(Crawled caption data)
-- Opening Marker --
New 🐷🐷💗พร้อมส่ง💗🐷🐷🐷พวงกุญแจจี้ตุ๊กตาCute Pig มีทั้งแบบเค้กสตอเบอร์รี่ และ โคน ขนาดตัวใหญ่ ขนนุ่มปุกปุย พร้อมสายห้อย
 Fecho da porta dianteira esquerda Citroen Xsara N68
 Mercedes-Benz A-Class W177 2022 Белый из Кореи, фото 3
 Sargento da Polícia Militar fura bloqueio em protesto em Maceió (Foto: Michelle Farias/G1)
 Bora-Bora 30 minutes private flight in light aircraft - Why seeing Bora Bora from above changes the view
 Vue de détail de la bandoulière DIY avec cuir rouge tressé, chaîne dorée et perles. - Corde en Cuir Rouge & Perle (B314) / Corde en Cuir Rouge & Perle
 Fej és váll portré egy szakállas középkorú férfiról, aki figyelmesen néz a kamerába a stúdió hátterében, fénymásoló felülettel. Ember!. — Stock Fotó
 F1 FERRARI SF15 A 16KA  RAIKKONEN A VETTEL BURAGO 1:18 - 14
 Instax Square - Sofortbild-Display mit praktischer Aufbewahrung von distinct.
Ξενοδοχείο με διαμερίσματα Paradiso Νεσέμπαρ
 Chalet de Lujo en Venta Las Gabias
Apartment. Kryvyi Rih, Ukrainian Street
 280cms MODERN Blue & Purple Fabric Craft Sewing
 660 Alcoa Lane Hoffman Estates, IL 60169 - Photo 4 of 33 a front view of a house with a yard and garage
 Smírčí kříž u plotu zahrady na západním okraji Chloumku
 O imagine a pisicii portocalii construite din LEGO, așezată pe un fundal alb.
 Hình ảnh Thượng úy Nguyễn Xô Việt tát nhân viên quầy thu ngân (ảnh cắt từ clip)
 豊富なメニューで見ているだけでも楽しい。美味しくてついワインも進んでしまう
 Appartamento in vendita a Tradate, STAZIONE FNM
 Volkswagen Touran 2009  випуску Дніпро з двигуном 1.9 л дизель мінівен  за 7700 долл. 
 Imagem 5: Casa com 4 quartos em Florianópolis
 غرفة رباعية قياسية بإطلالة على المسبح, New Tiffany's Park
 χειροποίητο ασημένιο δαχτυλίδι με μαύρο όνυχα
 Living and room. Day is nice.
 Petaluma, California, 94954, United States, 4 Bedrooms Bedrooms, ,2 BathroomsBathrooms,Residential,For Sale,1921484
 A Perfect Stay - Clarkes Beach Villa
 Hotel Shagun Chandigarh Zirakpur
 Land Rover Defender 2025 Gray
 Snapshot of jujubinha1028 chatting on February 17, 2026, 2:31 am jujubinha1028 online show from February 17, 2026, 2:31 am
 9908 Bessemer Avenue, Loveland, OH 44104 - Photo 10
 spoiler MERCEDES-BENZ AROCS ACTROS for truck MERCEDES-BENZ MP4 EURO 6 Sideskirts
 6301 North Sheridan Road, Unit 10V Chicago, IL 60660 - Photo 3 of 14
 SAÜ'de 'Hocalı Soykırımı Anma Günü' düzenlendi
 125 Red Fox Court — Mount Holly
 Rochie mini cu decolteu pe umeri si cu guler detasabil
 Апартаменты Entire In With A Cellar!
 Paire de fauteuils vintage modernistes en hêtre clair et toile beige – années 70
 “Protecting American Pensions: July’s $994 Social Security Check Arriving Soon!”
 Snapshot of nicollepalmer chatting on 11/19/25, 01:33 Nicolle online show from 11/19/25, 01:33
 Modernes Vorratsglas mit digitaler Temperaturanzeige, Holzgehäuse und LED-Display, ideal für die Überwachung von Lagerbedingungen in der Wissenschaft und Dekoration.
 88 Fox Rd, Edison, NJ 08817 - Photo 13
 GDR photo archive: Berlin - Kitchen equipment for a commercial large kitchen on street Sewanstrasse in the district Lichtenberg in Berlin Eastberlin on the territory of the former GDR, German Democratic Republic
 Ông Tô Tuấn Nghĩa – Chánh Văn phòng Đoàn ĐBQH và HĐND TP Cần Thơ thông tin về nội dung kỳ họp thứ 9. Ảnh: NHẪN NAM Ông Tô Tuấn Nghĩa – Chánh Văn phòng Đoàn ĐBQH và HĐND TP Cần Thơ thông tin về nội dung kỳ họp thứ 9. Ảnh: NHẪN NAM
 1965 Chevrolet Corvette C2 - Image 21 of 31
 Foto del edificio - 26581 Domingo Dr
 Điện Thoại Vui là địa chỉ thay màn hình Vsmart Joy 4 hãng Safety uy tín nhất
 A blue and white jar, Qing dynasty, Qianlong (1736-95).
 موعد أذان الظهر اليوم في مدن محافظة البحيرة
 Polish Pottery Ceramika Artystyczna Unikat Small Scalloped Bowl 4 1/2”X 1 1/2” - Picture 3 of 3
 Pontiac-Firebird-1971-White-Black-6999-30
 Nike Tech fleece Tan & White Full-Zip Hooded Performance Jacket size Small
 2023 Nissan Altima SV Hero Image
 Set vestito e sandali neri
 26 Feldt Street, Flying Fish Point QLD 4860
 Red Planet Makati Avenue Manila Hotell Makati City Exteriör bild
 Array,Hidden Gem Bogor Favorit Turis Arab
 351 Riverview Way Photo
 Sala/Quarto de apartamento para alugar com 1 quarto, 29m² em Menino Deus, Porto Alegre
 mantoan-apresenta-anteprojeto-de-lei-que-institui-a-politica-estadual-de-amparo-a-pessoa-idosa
-- Closing Marker --
### Exercise directions
What you return must match the records exactly, down to the last line.

### Result
New 🐷🐷💗พร้อมส่ง💗🐷🐷🐷พวงกุญแจจี้ตุ๊กตาCute Pig มีทั้งแบบเค้กสตอเบอร์รี่ และ โคน ขนาดตัวใหญ่ ขนนุ่มปุกปุย พร้อมสายห้อย
 Fecho da porta dianteira esquerda Citroen Xsara N68
 Mercedes-Benz A-Class W177 2022 Белый из Кореи, фото 3
 Sargento da Polícia Militar fura bloqueio em protesto em Maceió (Foto: Michelle Farias/G1)
 Bora-Bora 30 minutes private flight in light aircraft - Why seeing Bora Bora from above changes the view
 Vue de détail de la bandoulière DIY avec cuir rouge tressé, chaîne dorée et perles. - Corde en Cuir Rouge & Perle (B314) / Corde en Cuir Rouge & Perle
 Fej és váll portré egy szakállas középkorú férfiról, aki figyelmesen néz a kamerába a stúdió hátterében, fénymásoló felülettel. Ember!. — Stock Fotó
 F1 FERRARI SF15 A 16KA  RAIKKONEN A VETTEL BURAGO 1:18 - 14
 Instax Square - Sofortbild-Display mit praktischer Aufbewahrung von distinct.
Ξενοδοχείο με διαμερίσματα Paradiso Νεσέμπαρ
 Chalet de Lujo en Venta Las Gabias
Apartment. Kryvyi Rih, Ukrainian Street
 280cms MODERN Blue & Purple Fabric Craft Sewing
 660 Alcoa Lane Hoffman Estates, IL 60169 - Photo 4 of 33 a front view of a house with a yard and garage
 Smírčí kříž u plotu zahrady na západním okraji Chloumku
 O imagine a pisicii portocalii construite din LEGO, așezată pe un fundal alb.
 Hình ảnh Thượng úy Nguyễn Xô Việt tát nhân viên quầy thu ngân (ảnh cắt từ clip)
 豊富なメニューで見ているだけでも楽しい。美味しくてついワインも進んでしまう
 Appartamento in vendita a Tradate, STAZIONE FNM
 Volkswagen Touran 2009  випуску Дніпро з двигуном 1.9 л дизель мінівен  за 7700 долл. 
 Imagem 5: Casa com 4 quartos em Florianópolis
 غرفة رباعية قياسية بإطلالة على المسبح, New Tiffany's Park
 χειροποίητο ασημένιο δαχτυλίδι με μαύρο όνυχα
 Living and room. Day is nice.
 Petaluma, California, 94954, United States, 4 Bedrooms Bedrooms, ,2 BathroomsBathrooms,Residential,For Sale,1921484
 A Perfect Stay - Clarkes Beach Villa
 Hotel Shagun Chandigarh Zirakpur
 Land Rover Defender 2025 Gray
 Snapshot of jujubinha1028 chatting on February 17, 2026, 2:31 am jujubinha1028 online show from February 17, 2026, 2:31 am
 9908 Bessemer Avenue, Loveland, OH 44104 - Photo 10
 spoiler MERCEDES-BENZ AROCS ACTROS for truck MERCEDES-BENZ MP4 EURO 6 Sideskirts
 6301 North Sheridan Road, Unit 10V Chicago, IL 60660 - Photo 3 of 14
 SAÜ'de 'Hocalı Soykırımı Anma Günü' düzenlendi
 125 Red Fox Court — Mount Holly
 Rochie mini cu decolteu pe umeri si cu guler detasabil
 Апартаменты Entire In With A Cellar!
 Paire de fauteuils vintage modernistes en hêtre clair et toile beige – années 70
 “Protecting American Pensions: July’s $994 Social Security Check Arriving Soon!”
 Snapshot of nicollepalmer chatting on 11/19/25, 01:33 Nicolle online show from 11/19/25, 01:33
 Modernes Vorratsglas mit digitaler Temperaturanzeige, Holzgehäuse und LED-Display, ideal für die Überwachung von Lagerbedingungen in der Wissenschaft und Dekoration.
 88 Fox Rd, Edison, NJ 08817 - Photo 13
 GDR photo archive: Berlin - Kitchen equipment for a commercial large kitchen on street Sewanstrasse in the district Lichtenberg in Berlin Eastberlin on the territory of the former GDR, German Democratic Republic
 Ông Tô Tuấn Nghĩa – Chánh Văn phòng Đoàn ĐBQH và HĐND TP Cần Thơ thông tin về nội dung kỳ họp thứ 9. Ảnh: NHẪN NAM Ông Tô Tuấn Nghĩa – Chánh Văn phòng Đoàn ĐBQH và HĐND TP Cần Thơ thông tin về nội dung kỳ họp thứ 9. Ảnh: NHẪN NAM
 1965 Chevrolet Corvette C2 - Image 21 of 31
 Foto del edificio - 26581 Domingo Dr
 Điện Thoại Vui là địa chỉ thay màn hình Vsmart Joy 4 hãng Safety uy tín nhất
 A blue and white jar, Qing dynasty, Qianlong (1736-95).
 موعد أذان الظهر اليوم في مدن محافظة البحيرة
 Polish Pottery Ceramika Artystyczna Unikat Small Scalloped Bowl 4 1/2”X 1 1/2” - Picture 3 of 3
 Pontiac-Firebird-1971-White-Black-6999-30
 Nike Tech fleece Tan & White Full-Zip Hooded Performance Jacket size Small
 2023 Nissan Altima SV Hero Image
 Set vestito e sandali neri
 26 Feldt Street, Flying Fish Point QLD 4860
 Red Planet Makati Avenue Manila Hotell Makati City Exteriör bild
 Array,Hidden Gem Bogor Favorit Turis Arab
 351 Riverview Way Photo
 Sala/Quarto de apartamento para alugar com 1 quarto, 29m² em Menino Deus, Porto Alegre
 mantoan-apresenta-anteprojeto-de-lei-que-institui-a-politica-estadual-de-amparo-a-pessoa-idosa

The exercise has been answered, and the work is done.